Park Walk, near the centre of Shaftesbury; SP7 8JR
The ruins of Shaftesbury Abbey are incorporated into a pretty floral garden, and are accompanied by a well-regarded museum, making the site one of the top historic attractions in town, though the actual remains are very limited, only the lowest foundations of the abbey church, partly reconstructed to show the complete outline, with just one more substantial part, the walls of the crypt.
Unlike most medieval abbeys, the institution at Shaftesbury was occupied by nuns rather than monks, and it had an unusually long history, established in 888 by Alfred the Great and in operation continuously at the same location until dissolved in 1539 by order of Henry VIII, after which all buildings were quickly demolished, the site abandoned, and the land eventually incorporated into houses and gardens.
The site of the abbey church was excavated for the first time in 1861, and finds from this and other archaeological investigations are displayed in the museum, which opened in 1999. Besides the masonry foundations the ruins also include a few sections of tiled pavement, and several original stone coffins. The site is open daily between April and November.
The nunnery at Shaftesbury was founded by King Alfred as part of national celebrations following an important victory over Danish invaders, and his daughter Aethelgifu was appointed as the first abbess.

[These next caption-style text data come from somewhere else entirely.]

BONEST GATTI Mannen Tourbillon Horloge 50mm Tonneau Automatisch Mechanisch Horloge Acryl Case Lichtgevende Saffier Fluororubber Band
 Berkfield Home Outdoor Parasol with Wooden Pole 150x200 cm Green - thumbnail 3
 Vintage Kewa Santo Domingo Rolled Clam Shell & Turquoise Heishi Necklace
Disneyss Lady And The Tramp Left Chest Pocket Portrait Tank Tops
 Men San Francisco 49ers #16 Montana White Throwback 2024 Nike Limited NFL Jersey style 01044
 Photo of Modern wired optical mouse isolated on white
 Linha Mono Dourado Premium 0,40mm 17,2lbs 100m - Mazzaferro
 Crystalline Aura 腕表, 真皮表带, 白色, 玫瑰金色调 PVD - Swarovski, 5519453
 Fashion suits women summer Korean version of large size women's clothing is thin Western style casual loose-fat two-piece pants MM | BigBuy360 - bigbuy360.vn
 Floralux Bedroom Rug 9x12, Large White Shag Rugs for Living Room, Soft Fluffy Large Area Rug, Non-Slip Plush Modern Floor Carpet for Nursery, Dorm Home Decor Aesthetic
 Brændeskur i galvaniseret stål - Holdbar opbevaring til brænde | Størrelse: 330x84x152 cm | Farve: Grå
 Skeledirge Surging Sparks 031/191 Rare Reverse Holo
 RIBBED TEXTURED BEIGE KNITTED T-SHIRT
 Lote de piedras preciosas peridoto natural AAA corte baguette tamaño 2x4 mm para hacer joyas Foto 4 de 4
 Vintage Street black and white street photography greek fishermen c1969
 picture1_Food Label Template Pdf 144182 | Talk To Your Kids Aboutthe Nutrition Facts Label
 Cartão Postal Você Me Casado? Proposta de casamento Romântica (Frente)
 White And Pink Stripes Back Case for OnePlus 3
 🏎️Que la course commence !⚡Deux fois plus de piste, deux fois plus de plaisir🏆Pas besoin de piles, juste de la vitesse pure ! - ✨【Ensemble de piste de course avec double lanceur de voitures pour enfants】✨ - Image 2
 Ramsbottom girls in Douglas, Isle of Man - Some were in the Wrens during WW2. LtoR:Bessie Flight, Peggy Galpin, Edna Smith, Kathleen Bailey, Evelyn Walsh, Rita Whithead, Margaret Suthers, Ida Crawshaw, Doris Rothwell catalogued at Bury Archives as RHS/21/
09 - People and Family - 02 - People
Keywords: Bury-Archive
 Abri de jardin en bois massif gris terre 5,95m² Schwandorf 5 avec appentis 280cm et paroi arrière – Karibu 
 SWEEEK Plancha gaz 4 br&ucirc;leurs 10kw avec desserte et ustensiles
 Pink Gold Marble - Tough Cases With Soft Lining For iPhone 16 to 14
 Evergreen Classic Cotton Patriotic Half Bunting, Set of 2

The most momentous event in the early history was the reburial of the remains of the murdered King Edward, later sanctified as St Edward the Martyr, who died at Corfe Castle in 978 - they were initially interred beside the high altar, then later moved to a more visible location. Partly because of this important relic, and continued patronage from the royal family, the abbey became especially wealthy, a major location for pilgrims and a site of several miracles. The abbesses managed extensive lands across what is now Dorset and Wiltshire - between Purbeck in the south and Bradford-on-Avon in the north, all of which were seized by Henry VIII following the abrupt closure in 1539. The initial Saxon church was replaced with a larger version in Norman times, and it is the foundations of this which can be seen today.
The original settlement of Shaftesbury, of which the abbey was a part, is positioned on the flat top of a narrow ridge, with commanding views over the surrounding countryside. A small Saxon fort once stood at the western edge, contemporary with the abbey, and giving rise to the name Castle Hill, but no trace remains. The abbey site is reached along Park Walk, a pedestrianised street overlooking the undulating lands to the south. The ruins are concealed behind a high wall; entrance is through the museum/gift shop, and admission is £3. The garden contains the foundations of the cruciform abbey church, about 210 by 110 feet in size, with walls at most 2 feet high. The footprint is almost complete, missing only the westernmost section of the nave, the remainder buried beneath the garden of Abbey House to the west. Visible components of the original structure are the external walls, the columns of the nave, the transepts, and the chancel with its semi-circular apse and two aisles at either side (used as chapels), while modern emplacements include a monument to St Edward, a statue of King Alfred, a stone cross, and replicas of an Anglo-Saxon herb garden and a medieval orchard. The early 14th century crypt in the northeast corner is reached by a short flight of steps, and has surviving walls about seven feet high, retaining a few bases of the ribs from the vaulted ceiling. The only other significant relic from the abbey is a lengthy section of the exterior precinct wall, along Gold Hill to the south; between here and the church were the cloisters and chapter house, while the other monastic buildings stood to the north and west.